The visible “beet seed” is actually a cluster containing containing 2-6 seeds in each. Under decent conditions they keep 5-10 years. This is important for our grex project, because it means our community could benefit from it for several years so new members can adapt beets to their location from it.
A bit of work is done on cytoplasmic male sterility (CMS), but it is mostly in sugar beet breeding and seems to not be widely adopted in beet breeding.
Color of beets. Come from a class of pigments called betalains common to other plants in the same order that beets are in (Caryophyllales) like amaranth, cactus etc. The two types are β-cyanins, which color red to violet, and β-xantines, which color yellow to orange.
The wild ancestor is Sea beet (Beta vulgaris subsp. maritima). It is found on sand beaches, pebble banks, coastal rocks, cliffs and saltmarshes along the European coasts from Scandinavia to the Maghreb all the way to Southern Asia. Crop history assumes that it was grown first as a leaf vegetable in Southern Europe, so the Swiss chard form is the most ancient. Only later when northerners started selecting for larger storage organs to keep over the winter, the beetroot appeared. Sugar beets came last when Europeans in the mid 18th Century explored a domestic source of sugar as an alternative to sugar cane from the American slave plantations. There’s another wild subspecies in the Western Mediterranean called Beta vulgaris subsp. adanensis.
I have grown beets for many years and love to eat them in any way. But I have never grown them to seed before. Wanting to change that I have some roots stored frost free in moist sand and also left a few in the ground covered with mulch (hedging my bets). It’s three elongated red varieties that I really love and that do reasonably well in my sandy soil. I have very mixed results with beets in general; some do okay, others hardly grow. I would gladly benefit from this group project to find beets that are dependable for me.

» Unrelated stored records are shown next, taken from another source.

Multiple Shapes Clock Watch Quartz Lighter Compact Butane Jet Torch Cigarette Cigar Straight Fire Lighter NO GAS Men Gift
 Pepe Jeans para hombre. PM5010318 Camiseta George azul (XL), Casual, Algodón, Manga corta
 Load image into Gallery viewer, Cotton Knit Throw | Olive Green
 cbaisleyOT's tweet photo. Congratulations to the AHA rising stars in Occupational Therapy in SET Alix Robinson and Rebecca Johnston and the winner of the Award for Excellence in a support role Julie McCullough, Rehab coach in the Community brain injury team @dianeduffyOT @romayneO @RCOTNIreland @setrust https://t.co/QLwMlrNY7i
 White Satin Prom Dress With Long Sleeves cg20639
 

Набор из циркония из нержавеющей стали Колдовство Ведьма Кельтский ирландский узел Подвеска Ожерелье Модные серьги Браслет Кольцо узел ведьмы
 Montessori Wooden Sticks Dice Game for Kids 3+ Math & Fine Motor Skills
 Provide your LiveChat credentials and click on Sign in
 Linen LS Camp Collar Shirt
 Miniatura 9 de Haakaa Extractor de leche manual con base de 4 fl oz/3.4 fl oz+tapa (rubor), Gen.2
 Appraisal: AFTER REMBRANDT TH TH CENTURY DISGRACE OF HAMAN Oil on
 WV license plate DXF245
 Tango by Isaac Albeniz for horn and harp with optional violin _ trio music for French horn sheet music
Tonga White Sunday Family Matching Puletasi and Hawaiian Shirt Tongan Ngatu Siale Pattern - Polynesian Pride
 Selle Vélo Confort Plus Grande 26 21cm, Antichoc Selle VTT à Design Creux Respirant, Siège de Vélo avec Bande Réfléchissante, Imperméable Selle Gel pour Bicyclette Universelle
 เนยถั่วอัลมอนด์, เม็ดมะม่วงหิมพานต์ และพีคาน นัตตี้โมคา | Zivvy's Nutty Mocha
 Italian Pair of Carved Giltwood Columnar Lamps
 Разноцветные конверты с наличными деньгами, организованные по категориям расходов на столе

I have no source for especially interesting beet seeds for the 2026 season but can definitely get a range of varieties from good seed sellers in the Netherlands (Vreeken, De Bolster) and Belgium (Kweek) to contribute to the project collection. And I’m happy to make space for growing out a beet grex in 2026.
@Malte: I’m curious about what you wrote about the possibility of speeding things up. By growing out beets early, putting them in the fridge and planting them back so as to have seeds the same season. I wonder if I could manage that in the Netherlands. Earliest sowing is mid-March, then I could perhaps put the chilled roots back in the ground to flower mid- to end June. Do you think that might work?
I don’t know, but it could be worth a shot and, right on target with the goal of the project, we might all learn something about beets in our context. If you’re willing to give it a shot next season, I think it’s a great project!